_Exercise details:_
Would you transcribe the entries below, beginning at the line with "NEAR HIGHWAY |" and ending after the line with "Torrevieja - Centro", exactly, with no picture and nothing more?

_Data shown:_
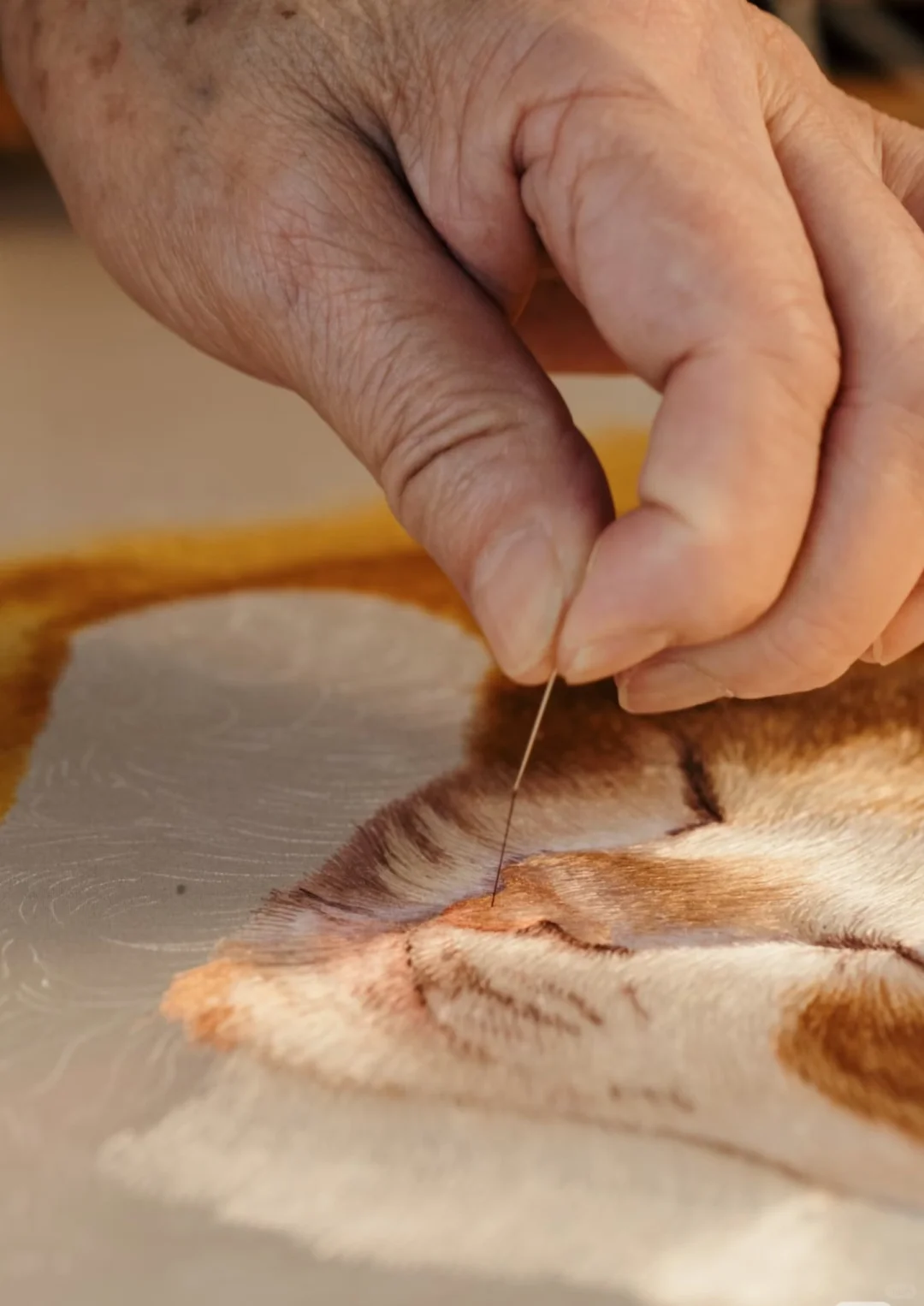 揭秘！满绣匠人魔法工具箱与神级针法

--

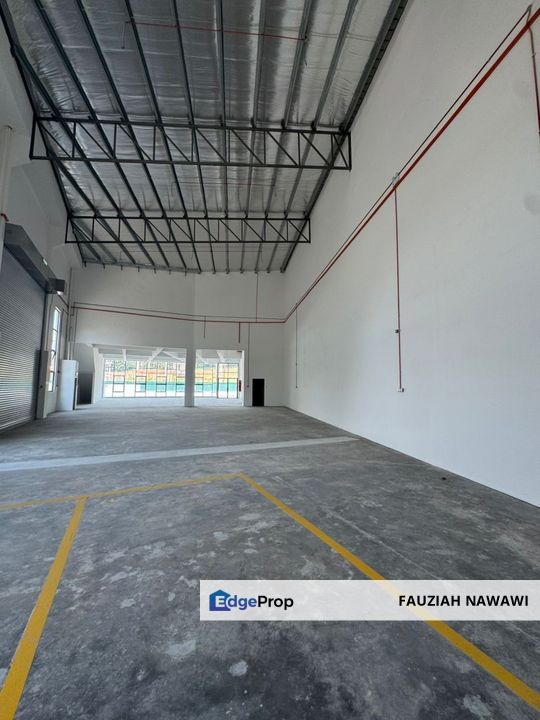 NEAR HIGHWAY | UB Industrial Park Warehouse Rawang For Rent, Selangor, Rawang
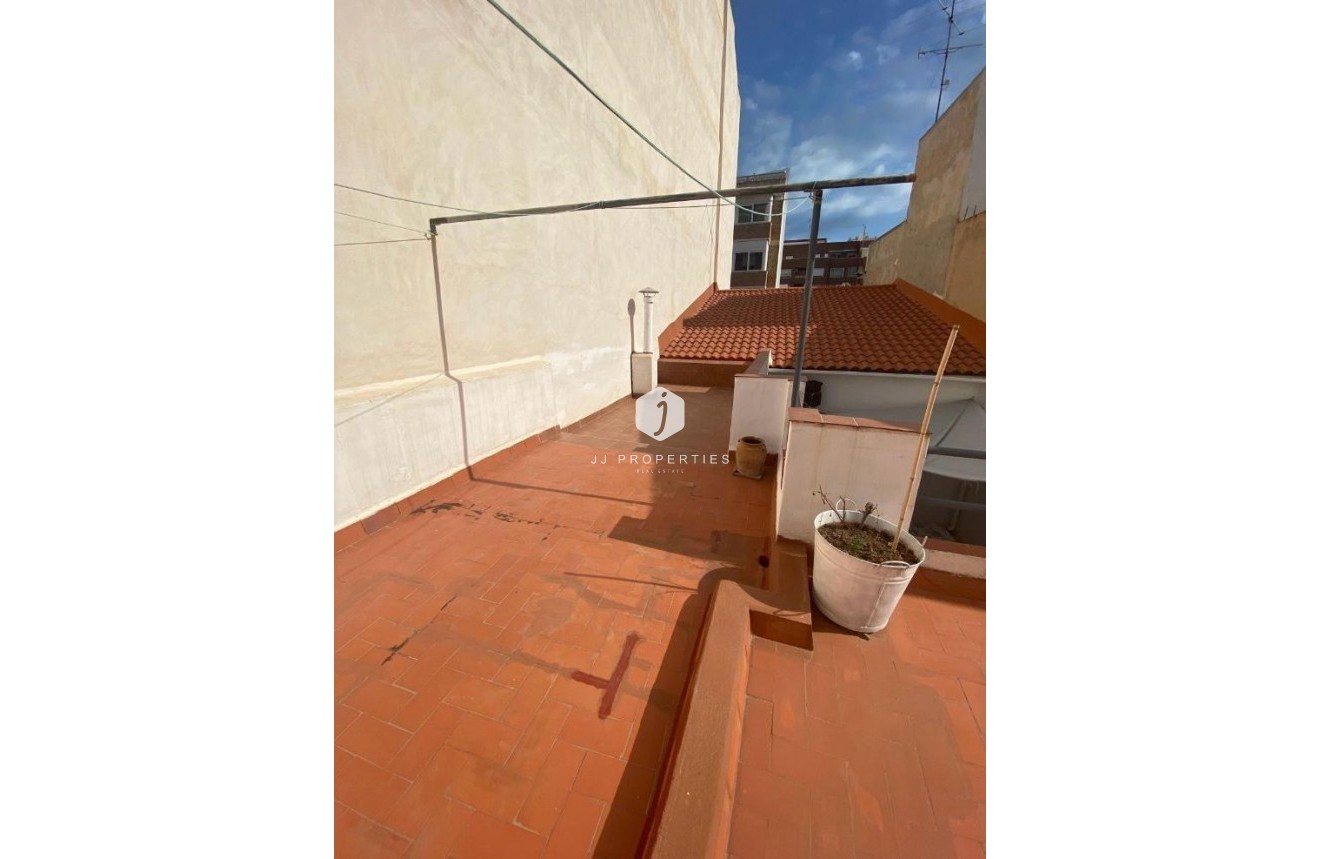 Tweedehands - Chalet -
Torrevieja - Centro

_Worked solution:_
 NEAR HIGHWAY | UB Industrial Park Warehouse Rawang For Rent, Selangor, Rawang
 Tweedehands - Chalet -
Torrevieja - Centro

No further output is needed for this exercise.